Tuesday, April 8, 2014

My Year With Spurgeon #14

The Allegories of Sarah and Hagar
Charles Spurgeon
1856
“These are the two covenants.”—Galatians 4:24.
THERE cannot be a greater difference in the world between two things than there is between law and grace. And yet, strange to say, while the things are diametrically opposed and essentially different from each other, the human mind is so depraved, and the intellect, even when blessed by the Spirit, has become so turned aside from right judgment, that one of the most difficult things in the world is to discriminate properly between law and grace.
Now, the first difficulty in striving to learn the gospel is this. Between law and grace there is a difference plain enough to every Christian, and especially to every enlightened and instructed one; but still, when most enlightened and instructed, there is always a tendency in us to confound the two things. They are as opposite as light and darkness, and can no more agree than fire and water; yet man will be perpetually striving to make a compound of them—often ignorantly, and sometimes wilfully. They seek to blend the two, when God has positively put them asunder.

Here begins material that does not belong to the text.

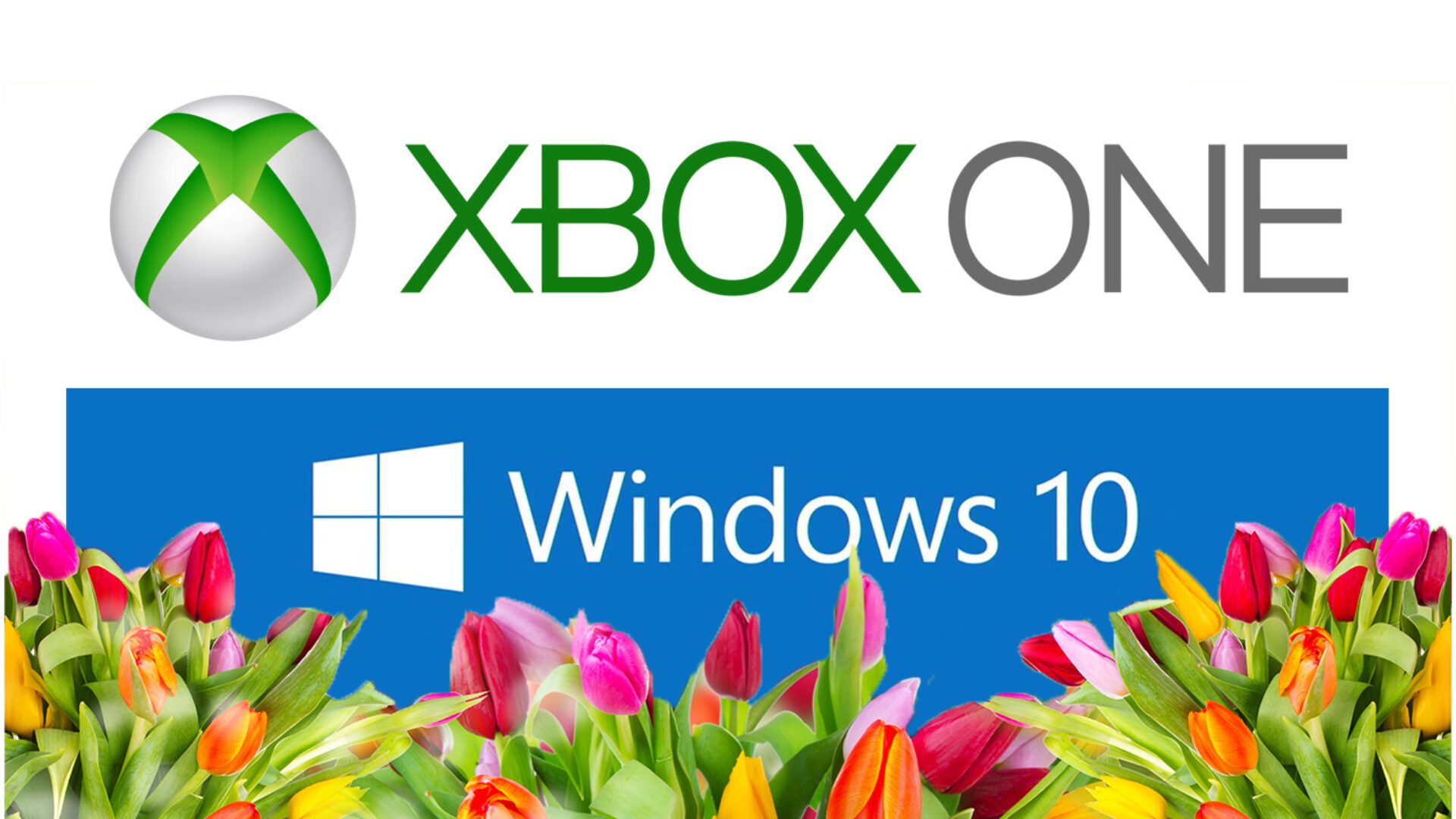 Exciting! Expect Big Experiences this Spring on Xbox One and Windows 10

It is said that they are the types of the two covenants; and before we start we must not forget to tell you what the covenants are. The first covenant for which Hagar stands, is the covenant of works, which is this: “There is my law, O man; if thou on thy side wilt engage to keep it, I on my side will engage that thou shalt live by keeping it. If thou wilt promise to obey my commands perfectly, wholly, fully, without a single flaw, I will carry thee to heaven. But mark me, if thou violatest one command, if thou dost rebel against a single ordinance, I will destroy thee for ever.” That is the Hagar covenant—the covenant propounded on Sinai, amidst tempests, fire and smoke—or rather, propounded, first of all, in the garden of Eden, where God said to Adam, “In the day that thou eatest thereof thou shalt surely die.” As long as he did not eat of the tree, but remained spotless and sinless, he was most assuredly to live. That is the covenant of the law, the Hagar covenant. The Sarah covenant is the covenant of grace, not made with God and man, but made with God and Christ Jesus, which covenant is this: “Christ Jesus on his part engages to bear the penalty of all his people’s sins, to die, to pay their debts, to take their iniquities upon his shoulders; and the Father promises on his part that all for whom the Son doth die shall most assuredly be saved; that seeing they have evil hearts, he will put his law in their hearts, that they shall not depart from it, and that seeing they have sins, he will pass them by and not remember them any more for ever.” The covenant of works was, “Do this and live, O man!” but the covenant of grace is, “Do this, O Christ, and thou shalt live, O man!” The difference of covenants rests here. The one was made with man, the other with Christ; the one was a conditional covenant, conditional on Adam’s standing, the other is a conditional covenant with Christ, but as perfectly unconditional with us. There are no conditions whatever in the covenant of grace, or if there be conditions, the covenant gives them. The covenant gives faith, gives repentance, gives good works, gives salvation, as a purely gratuitous unconditional act; nor does our continuance in that covenant depend in the least degree on ourselves. The covenant was made by God with Christ, signed, sealed, and ratified, in all things ordered well.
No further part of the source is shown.